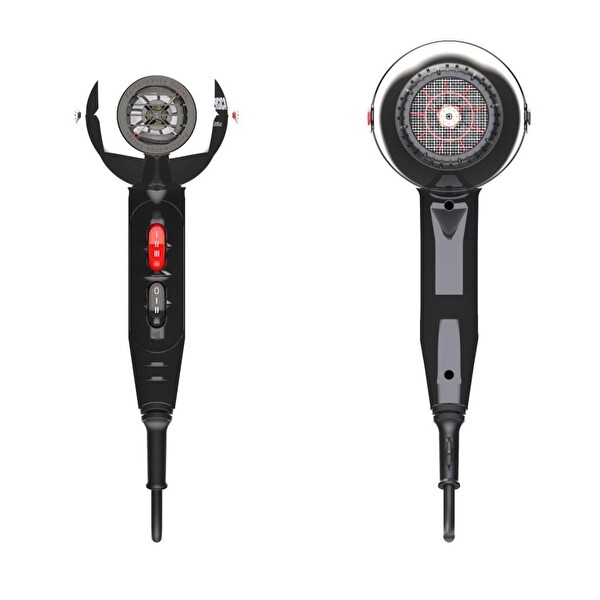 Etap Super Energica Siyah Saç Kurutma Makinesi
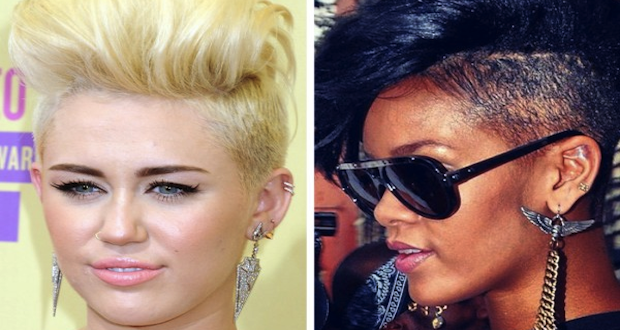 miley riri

◆ ◆ ◆ ◆ ◆ ◆ ◆

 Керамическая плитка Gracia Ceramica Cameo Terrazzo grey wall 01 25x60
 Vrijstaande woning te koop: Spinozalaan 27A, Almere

◆ ◆ ◆ ◆ ◆ ◆ ◆

Retype exactly, and only, the lines above from the one where "Керамическая плитка Gracia" occurs up to and including the one where "Vrijstaande woning te" occurs.

### [Exercise answer]
 Керамическая плитка Gracia Ceramica Cameo Terrazzo grey wall 01 25x60
 Vrijstaande woning te koop: Spinozalaan 27A, Almere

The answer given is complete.